Big George’s diet consisted mostly of chickens and rabbits that were housed in the tarp-shrouded hutch on the gallery deck; feral cats and stray dogs, which people would deliver to Croker in exchange for a jar of the good stuff; and once a prize boar hog that Marvin Scruggs lost to Croker in a fiercely contested arm-wrestling match. The way that hog squealed when Big George clamped his jaws around him, I thought that sound would echo in my memory forever. I’d never heard screams like it, not even my own, when

the cuck was taking my fingers. Not until the night Croker threw a man to the gator. Those screams were worse. Much worse.

6.

That night started off so quiet, the proverbial calm before the storm.
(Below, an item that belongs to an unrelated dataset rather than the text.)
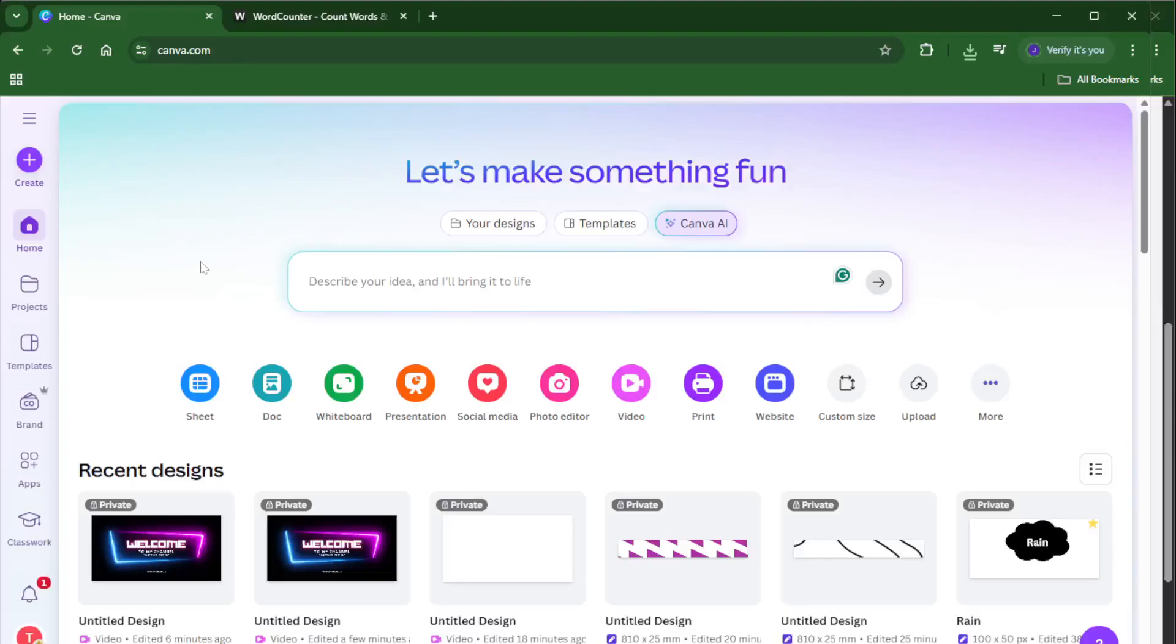Hey everyone, welcome back! If you've ever been working on a Canva design and found yourself wondering how many words have I actually typed in here, you're in the right place.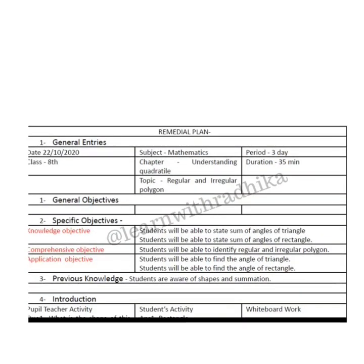Hello friends, this is Radhika and welcome back to my channel 'Learn with Radhika'. Today I'm here with a new lesson plan on mathematics for class 8th, so without wasting time let's get started.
A few lonely lushes sat around the barroom, muttering and glaring into their glasses of hooch. I’d finished my set, but was killing time till closing, pecking out a tune on the piano I’d overheard Grace humming in the shower that morning. Grace was sweeping the floor. I saw her cheeks flush as she recognized the melody and I wondered if she’d pictured me handing her the soap?

Croker was wet-ragging the bar like a deckhand. He’d seemed preoccupied that night. Distracted. Kept checking the time on the clock on the wall. By now I’d been working at The Double G long enough to know better than to ask.
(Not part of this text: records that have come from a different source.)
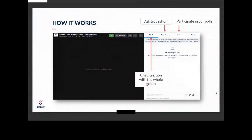At first, I'm going to explain how it works. At your right on the screen, you see the chat function — you can chat with the whole group and say hello if you want. You can also ask a question; that's the second tab. And then Edes will answer all your questions. You can also participate in our polls — we will have several polls in this webinar.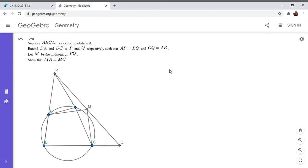This problem is from the China Hong Kong Math Olympiad in 2018, and I found it from a poster in the Art of Problem Solving Forum. It's the second problem out of four on the exam. So if you'd like to try to solve it, feel free to pause the video. Alright, so I'm going to go over the solution.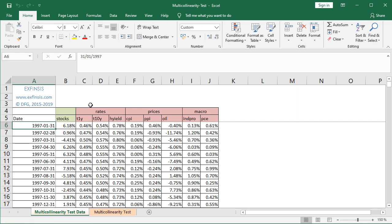Within the rates area, we have the effective monthly yield of one-year treasuries, ten-year treasuries, and high yield corporate bonds. Then we have prices, which correspond to the arithmetic monthly inflation or deflation of CPI (consumer price index), PPI (producer price index), and the arithmetic monthly return of oil prices. Within the macroeconomic area, we have the arithmetic monthly change of industrial production index and PCE, or personal consumption expenditures. Now that we have this data ready, we can continue within the multicollinearity test worksheet.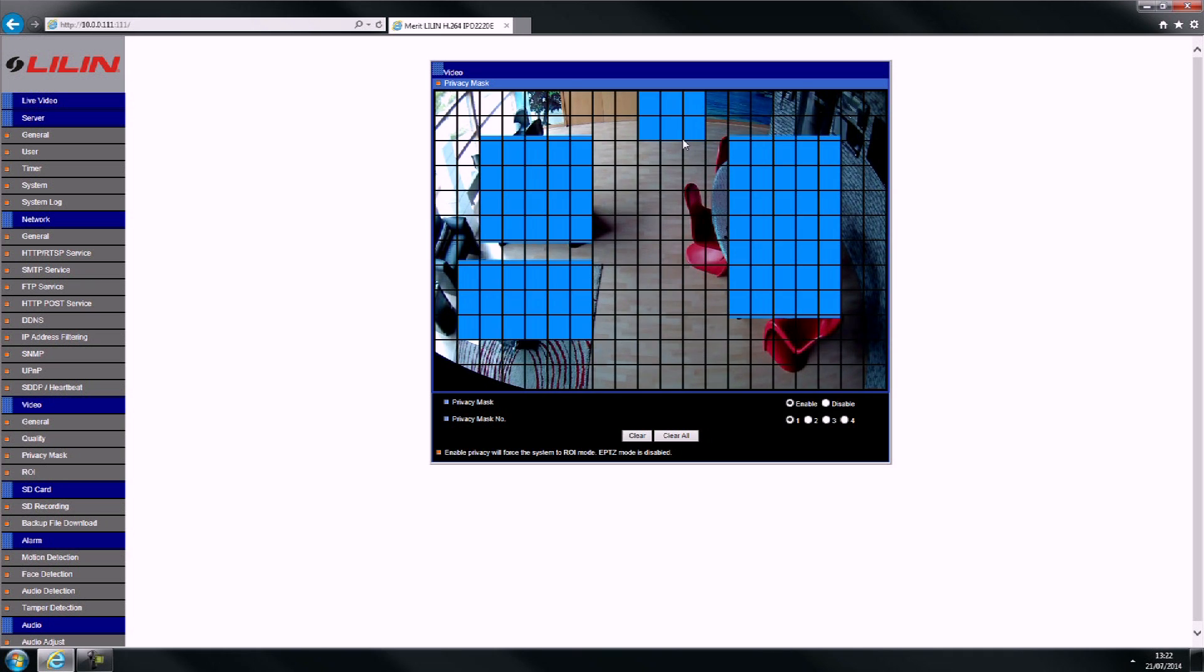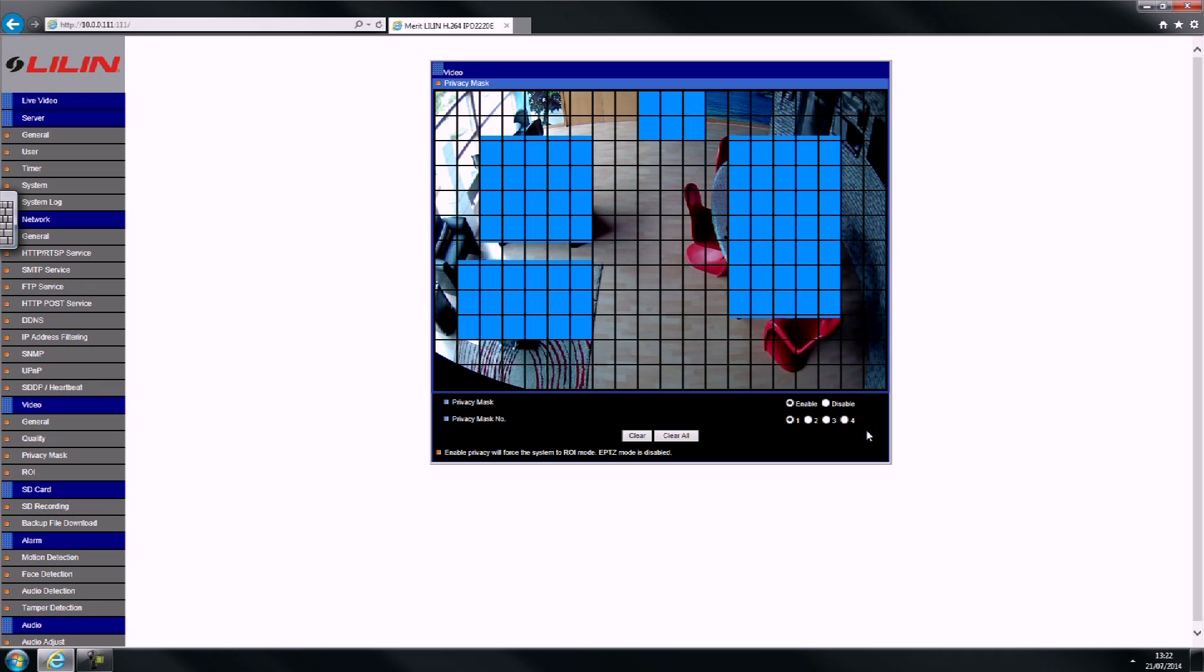You can also clear individual masks by selecting their number and clicking Clear. Alternatively, you can clear them all.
And I found out what he was waiting for soon enough.

Around midnight, the front door clattered open and a colored man came sliding across the floor like a hockey puck, smearing blood across the floorboards in his wake. He skated to a stop at the foot of the bar, lay there curled in pain and wheezing for breath through broken teeth and busted ribs. His wrists were roped, his hands clasped together as if in prayer, shaking terribly. His face was swollen and glistening with blood like a freshly dipped candy apple. It took me a moment to recognize him as the fella I’d met on the back of Rusty’s truck.
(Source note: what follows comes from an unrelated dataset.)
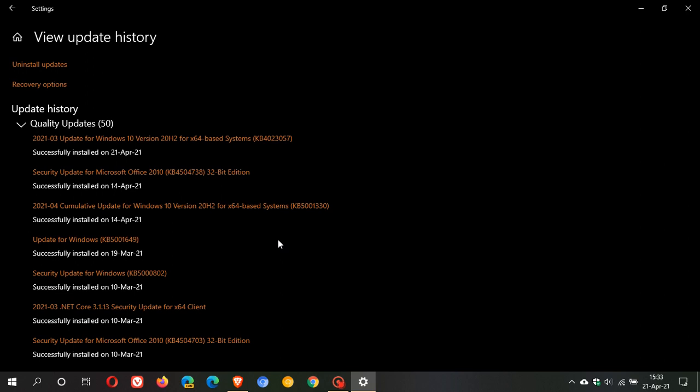The only real solution that I know of at this stage—if you are experiencing problems, I haven't experienced any myself; I'm one of the few who haven't had issues with this update—but if you are, what you can do, and this is not guaranteed to work but at least it's an option, is go to Uninstall Updates.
Blood trickled from his wounds and dripped down through the gaps in the floorboards, spattering the pond below. Big George gave a hungry growl that rumbled through the bar like a subway car.

Rusty swaggered inside, wiping the blood off his hands on his pants. “Boy’s a bleeder!”

“This him?” Croker said to Rusty. “This the nigger been stealin’ from my stills?”

Rusty frowned. It clearly hadn’t occurred to him that he might have the wrong nigger. Acting on good enough information, he’d rousted the suspect from a juke joint in dark town, crocked him with an axe handle, before roping him to the back of his truck and then dragging his sorry black ass to The Double G. Rusty didn’t seem to relish another long ride to dark town. It was late; he was tired and thirsty. Fortunately for him, the colored man was in no fit condition to plead his innocence.

“Yessir, Mister Croker, sir,” Rusty assured him, “this is the nigger alright.”

Croker poured Rusty his reward, Rusty salivating like one of Pavlov’s pooches.

Then Croker raised the hinged end of the bar, stepped through, and let it slam down behind him. His wooden leg raked across the floorboards as he limped towards the colored man. Looming above him, Croker grinned like one of the stuffed gators on his walls. “So
you’re
the one, huh?”

The man shook his head. The whites of his terrified eyes peered out through a bloody mask. “Nuh-nuh-no, suh …” he rasped, wincing as his shattered ribs stabbed his insides. “Never stole me nunna Mistuh Croker’s whiskey, uh-uh.”

It had the ring of truth about it, and Croker glanced up at Rusty with his eyebrows raised. Rusty shrugged sheepishly. “You know niggers, Mister Croker, sir,” he said, as if voicing an accepted wisdom. “They ain’t stealin’, they lyin’.”

Croker chewed his cigar thoughtfully before returning his attention to the colored man. “What’s your name, boy?”